Elle s’appelait Sandrine, c’était sa fille. L’annonce le laissa totalement muet et idiot alors que sa fille, volubile et visiblement très heureuse, continuait à dérouler son histoire ahurissante, sans faire plus que ça attention à ses yeux désarçonnés dans un visage un peu plus pâle et cireux. Et sa mère, donc sa femme, cette gaupe d’Annie, était morte il y a deux mois d’un cancer du col de l’utérus. Oui, c’était encore sa femme, le divorce n’ayant jamais été prononcé, la faute à un dossier non transmis au tribunal, l’avocat n’étant pas seulement véreux, il était de plus d’une rare incompétence, et puis vous connaissez l’administration française. Sans compter les troubles de la guerre civile qui se préparait, ce qui avait dû compliquer les choses et le dossier a dû malencontreusement s’égarer. Elle tenait absolument à le voir avant leur départ en Guyane avec son futur mari ingénieur en aéronautique dont elle était si fière, le départ aurait lieu dans deux semaines, c’était tellement une aubaine de l’avoir enfin retrouvé depuis le temps qu’elle le cherchait ! S’il était libre, elle voulait absolument le convier ce soir, ou demain, après ce ne serait pas possible, il fallait partir voir les parents de son fiancé à Grenoble avant le grand départ vers l’aventure dans la jungle profonde, le mieux c’était ce soir si ça ne l’embêtait pas trop.

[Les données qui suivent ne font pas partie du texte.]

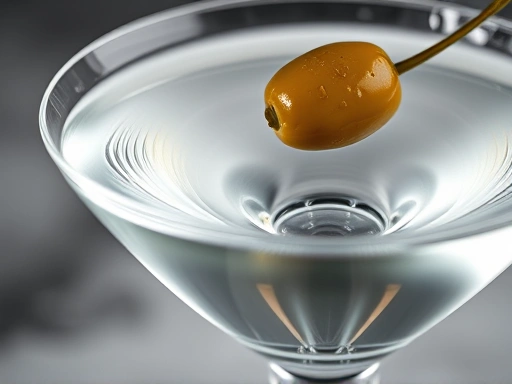 Close-up of a meticulously prepared Dry Martini with an olive, showcasing its crystal-clear liquid and elegant presentation, emphasizing the modern perfected cocktail.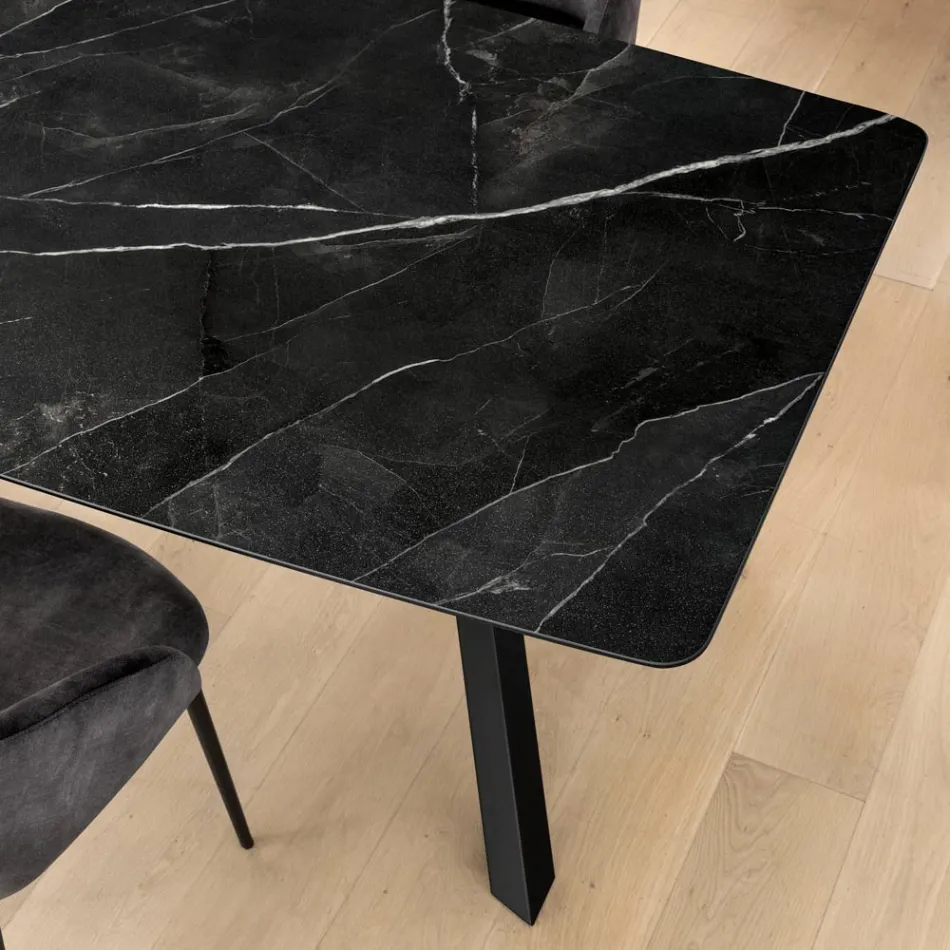 Tavolo Fisso a Botte in Laminam Calacatta Black Lucido - Dialogo Viadurini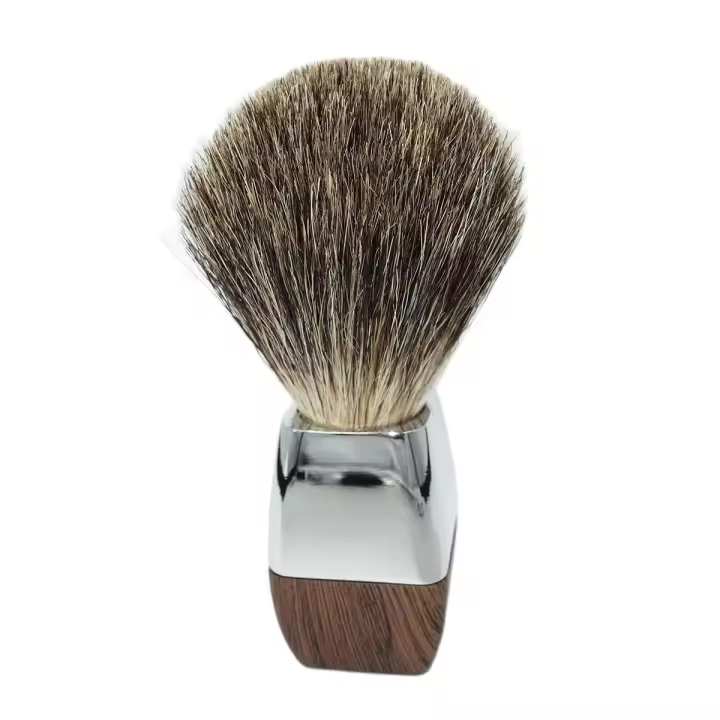 Hot Sale Wet Shaving Soap Lather Brush Pure Badger Hair with Wood Grain Zinc Alloy Handle Men's Personal Care Tool - 1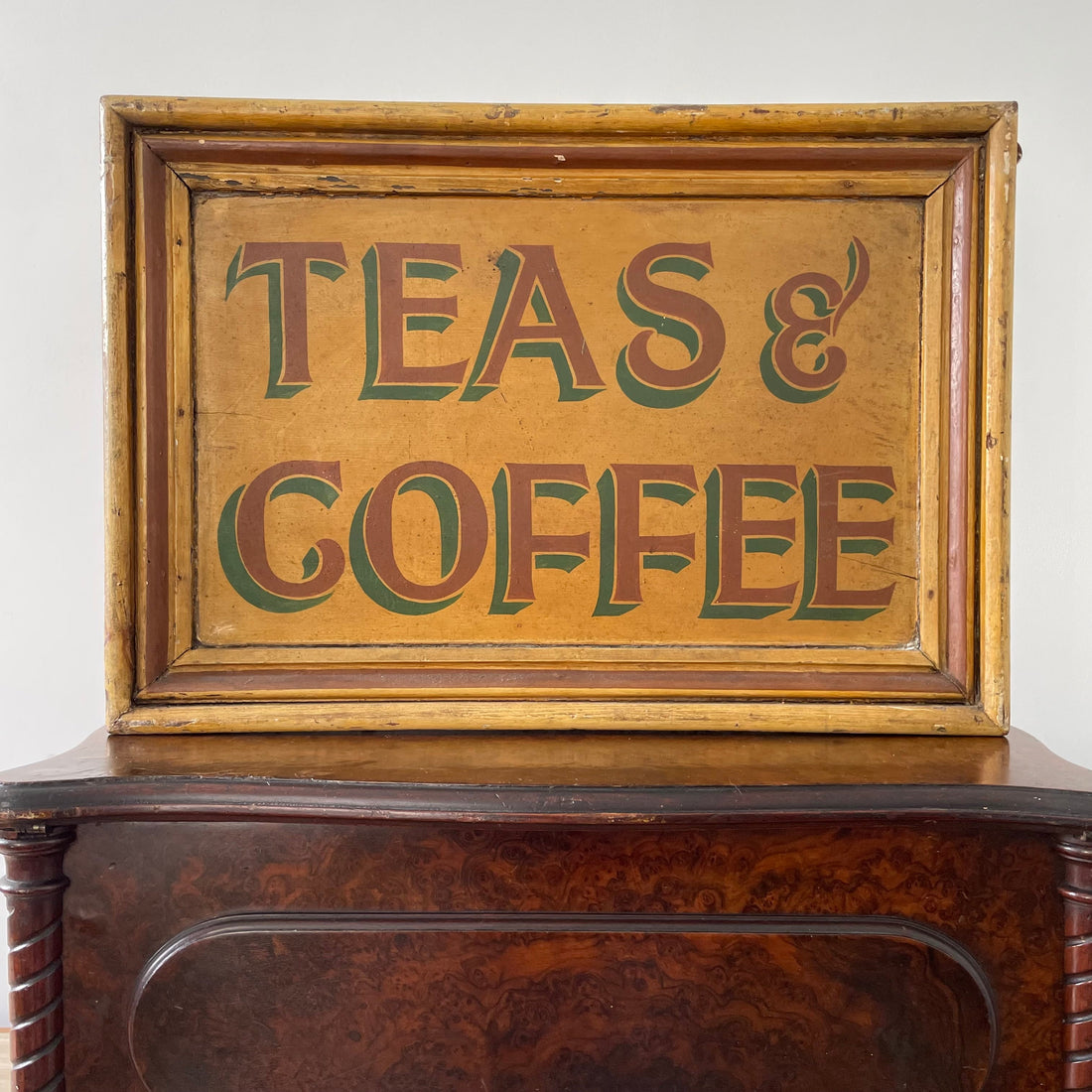 Antique Wooden Double-Sided Shop Sign – Teas &amp; Coffee, c.1900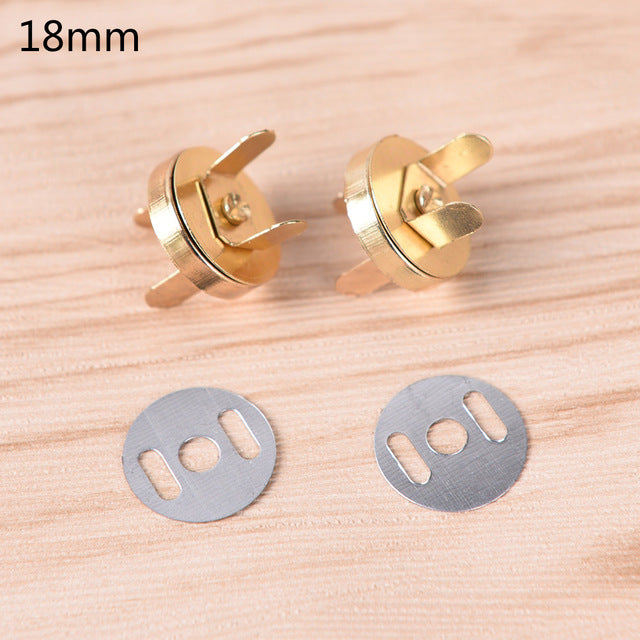 10pcs/lot High Quality 18mm/14mm Magnetic Snap DIY Handbag Purse Clasp Closures Metal Button Bag Accessories Parts Bag Button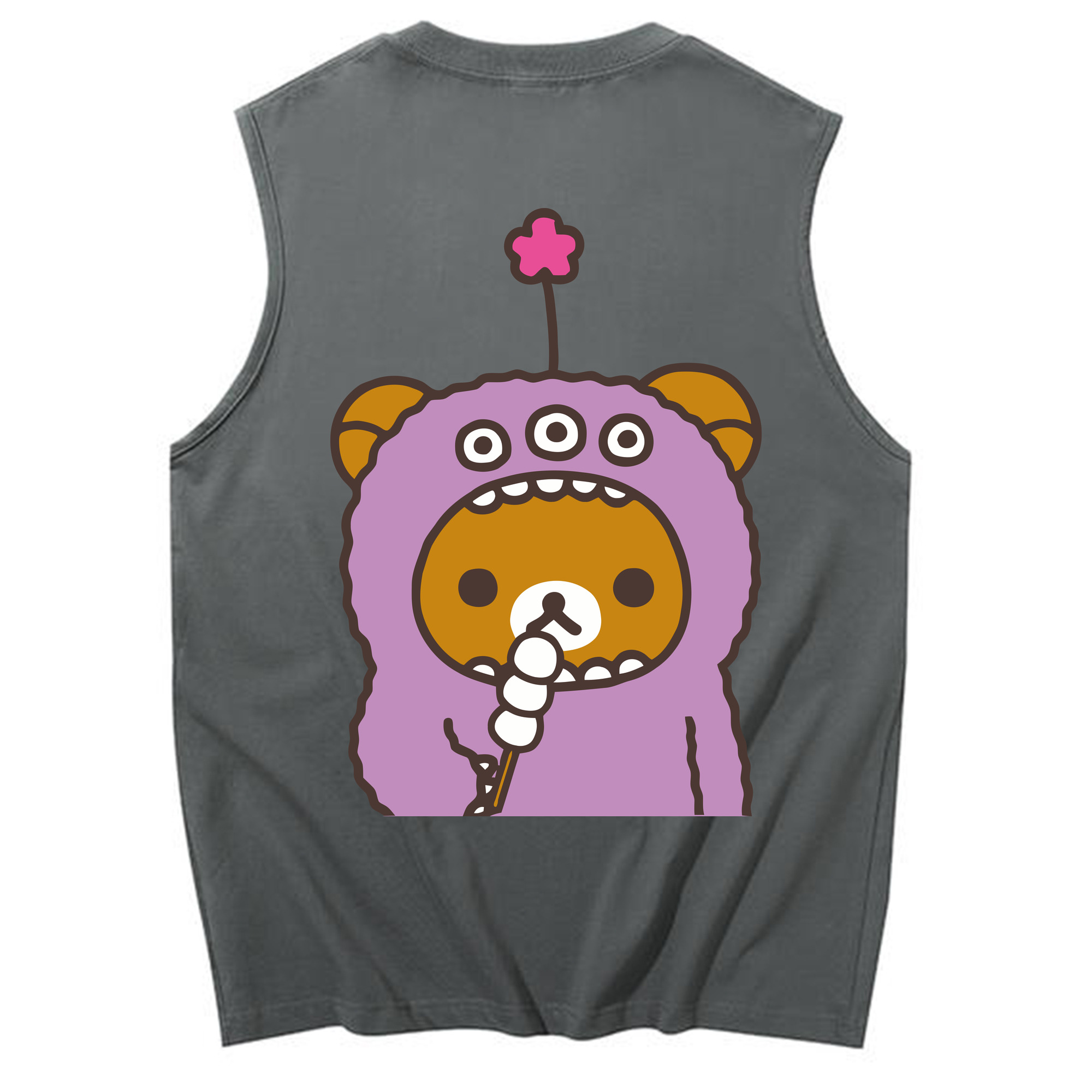 （画像用） リラックマ リラックマ キイロイトリ Rilakkuma Korilakkuma Kiiroitori コットン100％タンクトップ（背面プリント）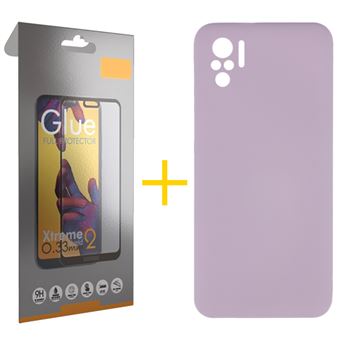 Conjunto 1 x Película de Vidro Full + Capa skyhe para Xiaomi Redmi Note 10 4G Silicone Líquido - Roxo - 1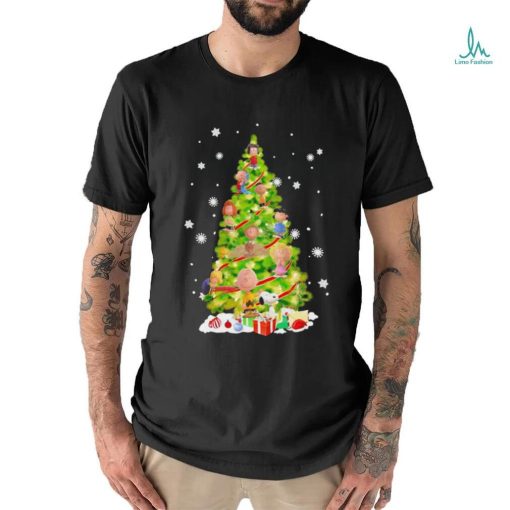 Pine tree Snoopy and friends merry christmas shirt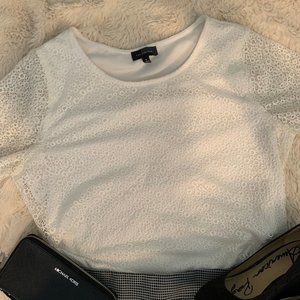 [The Limited] Short Sleeve Lace Overlay Top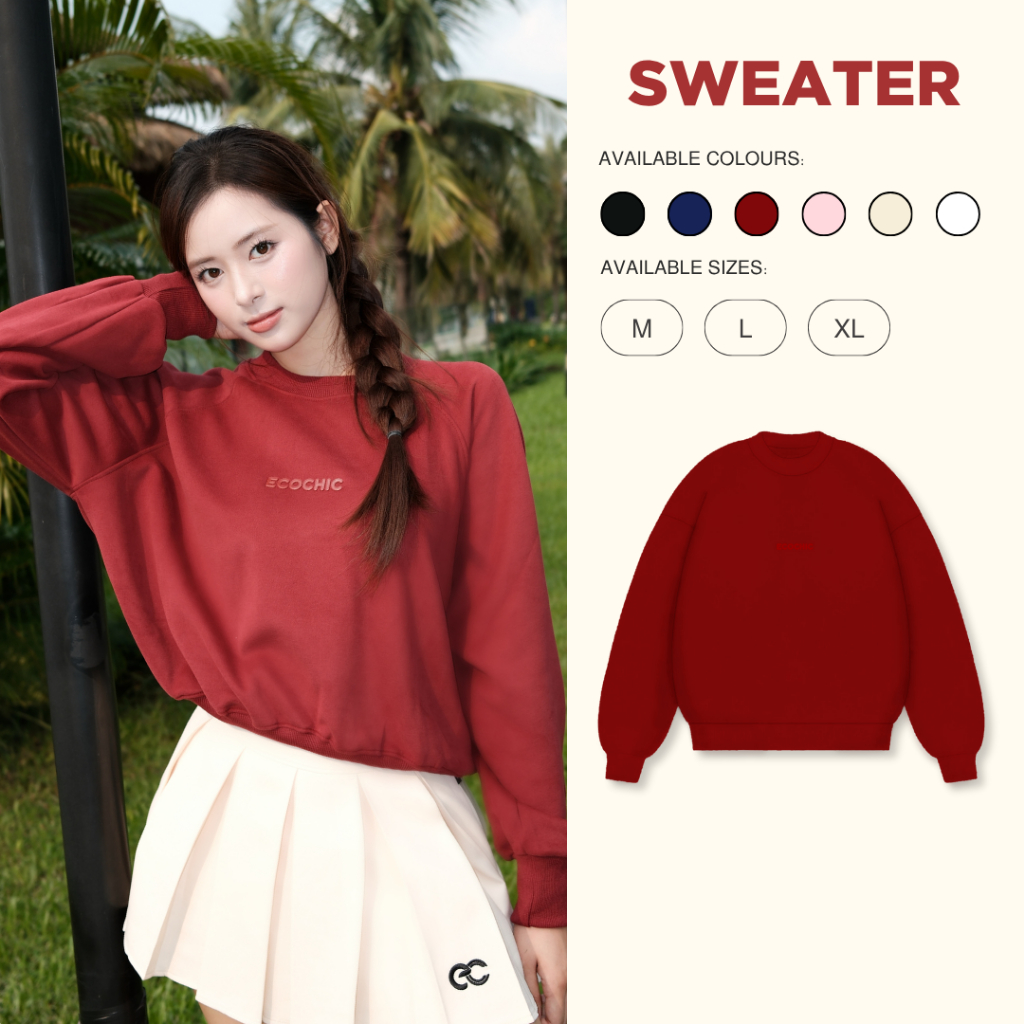 Áo Sweater Nỉ ECOCHIC Basic Cổ Tròn Logo Ngực Chất Liệu Cao Cấp Mềm Mịn Chính Hãng B192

Il resta sans voix. Interdit. Trop d’informations d’un coup, il était incapable de tout trier et il accepta sans réfléchir l’invitation pour le soir même en bégayant à moitié de confusion, tenant à la main la carte de visite de bristol crème qu’elle avait pris dans un petit sac de cuir noir brillant pour la lui confier. Elle monta dans sa Mini Austin verte à bande blanche, ramena ses longues jambes fuselées dans l’habitacle, se débarrassa de ses talons aiguilles assortis à son sac pour pouvoir conduire et démarra sur les chapeaux de roues et le laissa là, interloqué. Elle était le portrait troublant de sa mère, du moins quand il l’avait courtisée à l’époque. Une vraie poupée de magazine de mode, comme elle. Il aimait beaucoup ses yeux pétillants et son rire.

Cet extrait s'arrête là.